Vaasu reunites with Seema, but minutes later, Saravanan appears, revealing that he was only lying in front of Aishwarya that he had broken their friendship. Seema feels cheated as Vaasu had promised Seema upon their future child that their friendship was cut. Seema is furious and leaves to her mother's place. Vaasu gets irritated and tells Saravanan to leave and never show his face again.

That night, Gautham tells Vaasu that Saravanan had broken up with Aishwarya for him. Vaasu immediately rushes to see him, and they reunite. They decide to start a club of men who have been cheated by their wives or girlfriends. This turns out to be successful. They are also supported by Akila Chechi, the leader of Akila Indian Men Security Club.

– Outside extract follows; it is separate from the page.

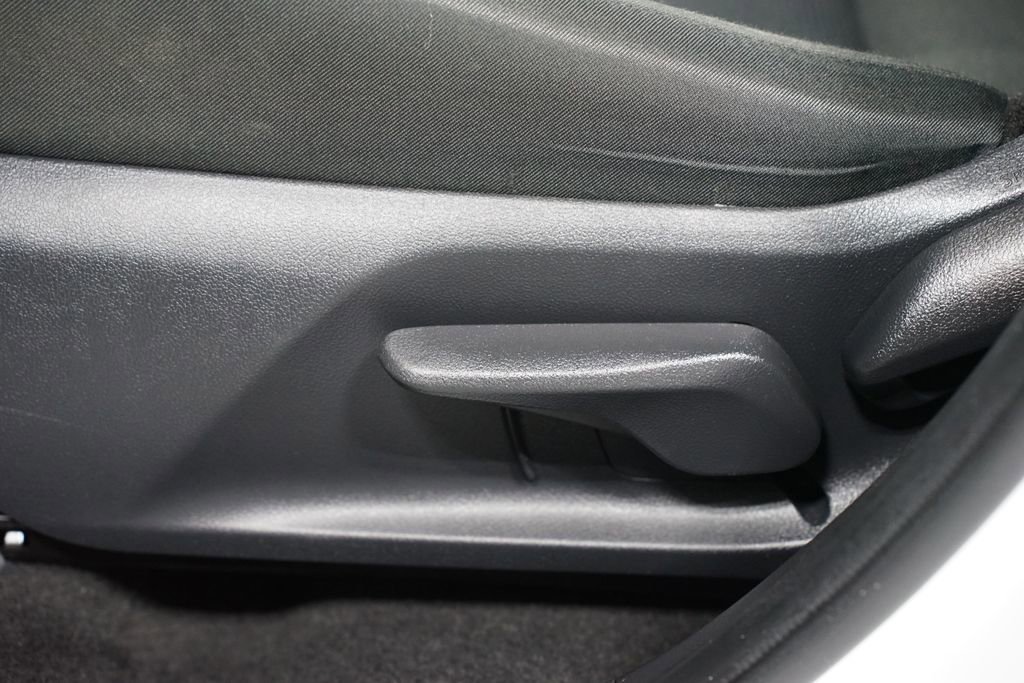 Certified 2025 Toyota RAV4 LE image 31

Then, Assistant Commissioner Vetrivel arrives and tells the trio to join up with their wives by lying that they have their friendship cut.

== Production ==
In November 2013, Arya agreed to finance and star in the lead role of director M. Rajesh's next venture, with Santhanam also brought in to the project to play a supporting role. Nayanthara was also reported to be a part of the film and an official press statement was released during the same month, stating that filming would begin in late 2014 after Arya had finished his ongoing commitments. In March 2014, Rajesh revealed that it would be a sequel to their successful comedy film Boss Engira Bhaskaran (2010) and that Tamannaah Bhatia would also play a new character in the franchise. Nayanthara later opted out of the film, and Rajesh began re-working the script. In October 2014, Rajesh then announced that the film would not be a sequel to his previous film and that it would be a new script.

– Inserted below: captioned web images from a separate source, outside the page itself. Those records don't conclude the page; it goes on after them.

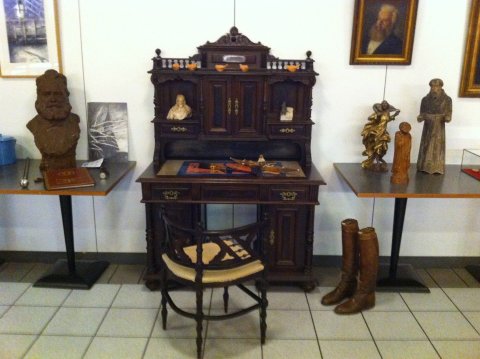 Skrifborð sr. Valdimars Briem sálmaskálds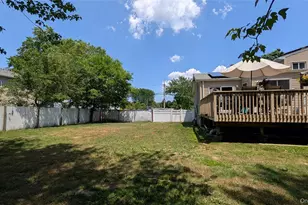 348 W 24th St, Deer Park, NY 11729 - Photo 30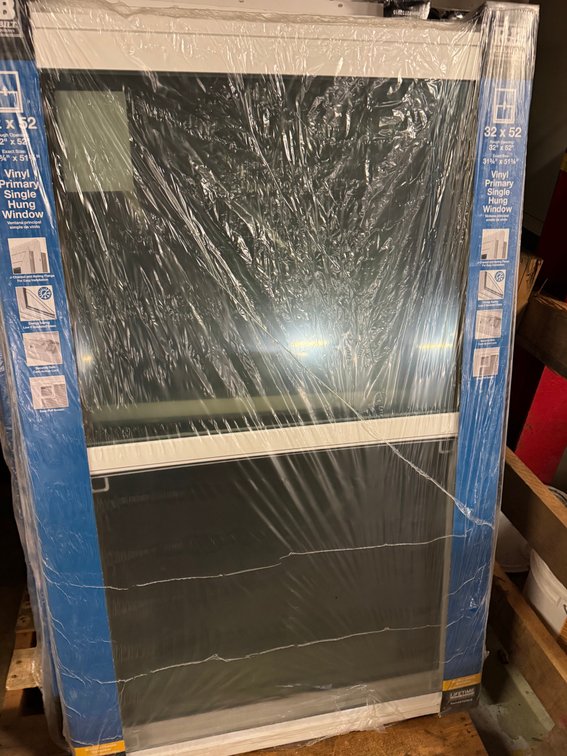 Vinyl single hung window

A launch event was held on 21 November 2014 and the team began production on the same day, with scenes involving Arya and Bhatia shot. The film's title was revealed as Vasuvum Saravananum Onna Padichavanga later that month, along with the initialism "VSOP". Rajesh denied that the initialism was chosen after Very Special Old Pale, calling it coincidence. Filming wrapped in June 2015.

== Music ==
D. Imman composed the soundtrack.

| Title | Singer(s) | Lyrics | Length |
| "Adada Onnum Solladha" | Benny Dayal, Shakthisree Gopalan | Na. Muthukumar | 04:26 |
| "Lucka Maattikkichi" | Dholak Gana Jagan, Senthildass Velayutham, Palaniammal | Rokesh | 04:40 |
| "Naa Romba Busy" | Neeti Mohan, Santhosh Hariharan, Sharanya Gopinath | Na. Muthukumar | 04:36 |
| "Sona Sona" | Armaan Malik, Varun Parandhaman, Maria Roe Vincent | 04:30 |
| "Vasuvum Saravananum" | Sooraj Santhosh, Kailash Kher | 04:31 |

== Release and reception ==
Vasuvum Saravananum Onna Padichavanga was released on 14 August 2015. S. Saraswathi of Rediff.com gave the film 2 stars out of 5 and wrote that "the offending script make Rajesh's Vaasuvum Saravananum Onna Padichavanga a silly and tasteless film that does not deserve your time." The Times of India gave the film 2.5 stars out of 5 and wrote, "What Rajesh has done is [..] taking bits and pieces from his previous successful films and giving us a new film that feels familiar. The only difference is that he manages to succeed... to an extent". Kirubhakar Purushothaman of India Today rated 1 star and criticised that "Rajesh's two-and-half-hour script has nothing, but female bashing, making fun of plus-sized women, double-meaning-ed, innuendo-ed dialogues and absurd one-liners, which are sweet-coated as humour". Baradwaj Rangan wrote in The Hindu, "With such a premise, and with these overgrown adolescents in every frame, why isn't the film a series of Dumb and Dumber-style physical-comedy sketches? Why the flabby romantic passages, with mood-killing songs during which everyone in the theatre returns to whatever game they were playing on their phones?"